Minestrone Soup for National Homemade Soup Day!

It's winter and it's National Homemade Soup day, so what comes to my mind? Minestrone, of course! Tender pasta, meaty beans, simmered with onions and garlic in a rich tomato broth. What makes my soup special is the addition of a parmesan cheese rind - the flavorful end of the cheese that often gets discarded. As the soup simmers, the rind infuses its heavenly cheesiness into the broth. It's downright awesome - whether you're cooking for a busy weeknight or leisurely Sunday.

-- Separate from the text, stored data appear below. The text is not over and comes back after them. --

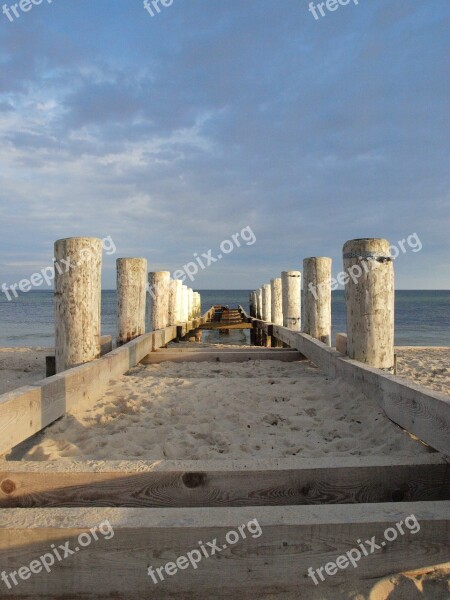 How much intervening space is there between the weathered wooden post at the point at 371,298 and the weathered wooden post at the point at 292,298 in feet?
16.8

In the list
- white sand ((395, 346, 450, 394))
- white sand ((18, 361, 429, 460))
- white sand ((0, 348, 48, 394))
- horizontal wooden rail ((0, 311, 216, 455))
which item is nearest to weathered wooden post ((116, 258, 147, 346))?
horizontal wooden rail ((0, 311, 216, 455))

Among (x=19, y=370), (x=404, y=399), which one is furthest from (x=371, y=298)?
(x=19, y=370)

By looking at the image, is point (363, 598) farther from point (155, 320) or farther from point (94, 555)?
point (155, 320)

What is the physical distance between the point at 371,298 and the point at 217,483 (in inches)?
108

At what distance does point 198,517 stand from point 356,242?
10.8 feet

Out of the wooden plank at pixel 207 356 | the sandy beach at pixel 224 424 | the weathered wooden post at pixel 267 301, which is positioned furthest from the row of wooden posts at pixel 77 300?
the weathered wooden post at pixel 267 301

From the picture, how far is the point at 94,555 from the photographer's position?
73.4 inches

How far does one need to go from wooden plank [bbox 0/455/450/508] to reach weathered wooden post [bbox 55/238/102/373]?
2296 millimetres

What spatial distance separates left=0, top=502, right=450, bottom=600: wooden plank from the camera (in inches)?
73.5

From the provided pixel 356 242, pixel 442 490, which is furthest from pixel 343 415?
pixel 356 242

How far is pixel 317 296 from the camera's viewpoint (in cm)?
695

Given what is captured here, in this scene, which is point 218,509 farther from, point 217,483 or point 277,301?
point 277,301

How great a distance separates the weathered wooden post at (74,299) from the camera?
4.60m

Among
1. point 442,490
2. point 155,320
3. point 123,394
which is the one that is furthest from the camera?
point 155,320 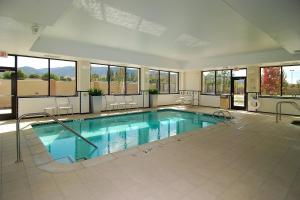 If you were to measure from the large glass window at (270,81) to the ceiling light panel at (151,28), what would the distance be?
6.89 meters

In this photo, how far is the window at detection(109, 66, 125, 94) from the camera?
10.4 meters

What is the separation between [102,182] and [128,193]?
468mm

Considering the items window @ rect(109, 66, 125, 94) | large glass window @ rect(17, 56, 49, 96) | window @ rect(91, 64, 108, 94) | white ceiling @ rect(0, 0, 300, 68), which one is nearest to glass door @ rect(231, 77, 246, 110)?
white ceiling @ rect(0, 0, 300, 68)

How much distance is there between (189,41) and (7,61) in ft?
23.3

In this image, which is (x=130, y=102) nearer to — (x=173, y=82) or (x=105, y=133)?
(x=173, y=82)

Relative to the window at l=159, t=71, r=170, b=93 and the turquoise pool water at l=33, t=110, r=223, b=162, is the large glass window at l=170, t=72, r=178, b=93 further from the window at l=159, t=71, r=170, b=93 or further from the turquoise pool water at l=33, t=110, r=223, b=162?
the turquoise pool water at l=33, t=110, r=223, b=162

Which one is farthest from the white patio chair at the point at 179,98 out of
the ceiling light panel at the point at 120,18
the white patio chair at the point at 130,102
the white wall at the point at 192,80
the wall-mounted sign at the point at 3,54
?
the wall-mounted sign at the point at 3,54

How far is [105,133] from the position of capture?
6.15 metres

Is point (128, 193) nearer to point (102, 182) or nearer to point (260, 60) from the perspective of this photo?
point (102, 182)

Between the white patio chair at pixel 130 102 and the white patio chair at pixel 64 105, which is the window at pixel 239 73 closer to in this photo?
the white patio chair at pixel 130 102

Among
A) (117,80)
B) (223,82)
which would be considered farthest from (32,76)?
(223,82)

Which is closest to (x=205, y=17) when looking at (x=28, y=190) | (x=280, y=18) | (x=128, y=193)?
(x=280, y=18)

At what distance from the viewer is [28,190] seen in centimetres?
240

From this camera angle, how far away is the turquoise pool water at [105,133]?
180 inches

Don't forget that crusty bread on the side.

6 ounces elbow-shaped pasta
2 teaspoons olive oil
1 teaspoon unsalted butter
1 cup chopped celery
1/2 cup chopped white onion
2 cloves garlic, minced1/2 teaspoon dried oregano
1/2 teaspoon dried thyme
6 cups chicken broth
1 russet potato, peeled and cut into 1-inch cubes
3 tablespoons sundried tomato paste
2 bay leaves
4-inch piece parmesan rind 
15-ounce can kidney beans, rinsed and drained
Salt and freshly ground black pepper


Cook the pasta according to the package directions, using the shortest cooking time for al dente pasta. Drain and set aside.
Heat the oil and butter together in a large stock pot over medium heat. Add the celery, onion and garlic and cook until soft, but not browned, about 5 to 7 minutes. Add the oregano and thyme, stir to coat and cook 30 seconds, until the herbs are fragrant.
Add the broth, potato, tomato paste, bay leaves, and parmesan rind. Bring to a simmer. Partially cover and simmer for 10 minutes, stirring occasionally. Add the beans and pasta and simmer for 10 more minutes, until the potato is tender. Remove the parmesan rind and bay leaves and season to taste with salt and pepper.